Pokémon is one of those games that people play in different ways. From Nuzlocke challenges to speed runs to competitive battling, it’s rare for people to catch the same Pokémon twice for the sake of using in battle. Looking at the more recent Pokémon games, wouldn’t it make sense for the player to get 6 of the same Pokémon with type advantages against the current gym leader? Yet, as I played Pokémon White and Pokémon X, I would run into a gym with only one useful Pokémon.
There are multiple ideas that can be associated with why this happens, from wanting a heightened challenge to wanting things one does not already have. Have you ever trained a whole team of the same Pokémon before?
I went back to the original Silver version a year ago and tried to train a level 9 Unown to level 20. Since Unown only knows Hidden Power, it wasn’t fun using the same move over and over again to try to take down an army of Woopers and Zubats. Imagine having to train an army of Unowns to level 20 when they only know one move.
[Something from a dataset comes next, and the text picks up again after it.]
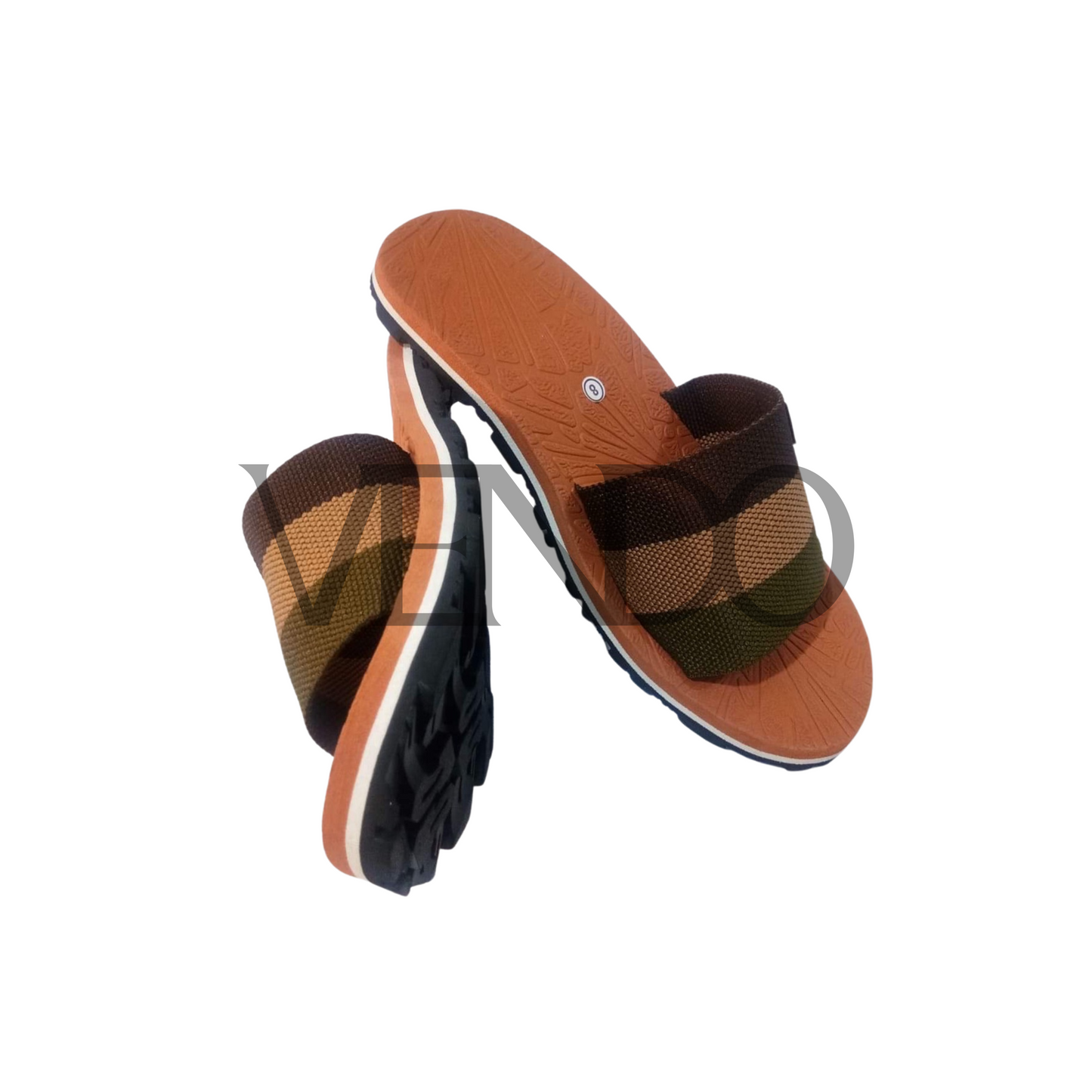 Pair of brown and black sandals on a white background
This is a bit extreme of an example but that’s why we don’t catch the same Pokemon twice (unless you’re aiming for competitive battling and need specific EVs).
One of the more popular Pokétubers, JWittz, mentioned how the repeat ball is one of the worst Pokéballs in the game. As an opinion, you don’t have to agree with that, but how often does one catch another Ratatta or Pidgey? As much as I like Blitzle, Azurill, and Ampharos, I’ve never caught another one of these Pokémon a second time in the same save file unless I was trying to breed them for some sort of competitive play.
Pokémon would be an entirely different game if they didn’t give you the chance to catch over 100 different kinds of Pokémon. Look at the different kinds of games out there that feature a set number of usable characters. As games like Final Fantasy have shown, variety is still essential for long games regardless of how fun they are. Once someone gets too comfortable using one thing for too long, it gets boring and tedious. In other words, our “ennui” kicks in and we don’t feel like doing that one thing anymore.
Thus, we catch all sorts of different and varied Pokémon during our Pokémon journeys. We don’t do it because we have to but because the game would not feel as fun as it could be if we didn’t add continuous variety to our collection. We don’t want to get too used to one Pokémon and get bored with him/her/it. Having varied teams make the game more challenging and enjoyable because there’s a sense of discovery, from new moves to different stats and typing that the player has to deal with. If you only trained Gyradoses, as good as a Pokémon as it is, it’s not as fun as trying to train a whole party consisting of all sorts of good Pokémon.
Different Pokémon can be compared to college courses. You start with your pre-reqs (starter Pokémon and Route 1 Pokémon). Then, you’ll work your way up to higher level courses with various types (types of Pokémon and evolutions). You’ll have your majors and favorite classes (main team) and soon, you graduate and get on with your life (beating the Pokémon League). You don’t want to retake classes in the same way you don’t want to catch Pokémon. Well, you don’t want to retake classes because that costs money, but if given the choice to retake your best classes, why would you? You already know all of the material from that class and you already aced it. In other words, why would you train a second Gyrados when there are a boat load of other Pokémon that are just as good but different enough to make you a better battler?
It would be boring not doing anything new, thus, using Pokémon as an example, unless we’re breeding for certain traits, we catch only one of every Pokémon we find. Also, it’s because the Pokédex told us to.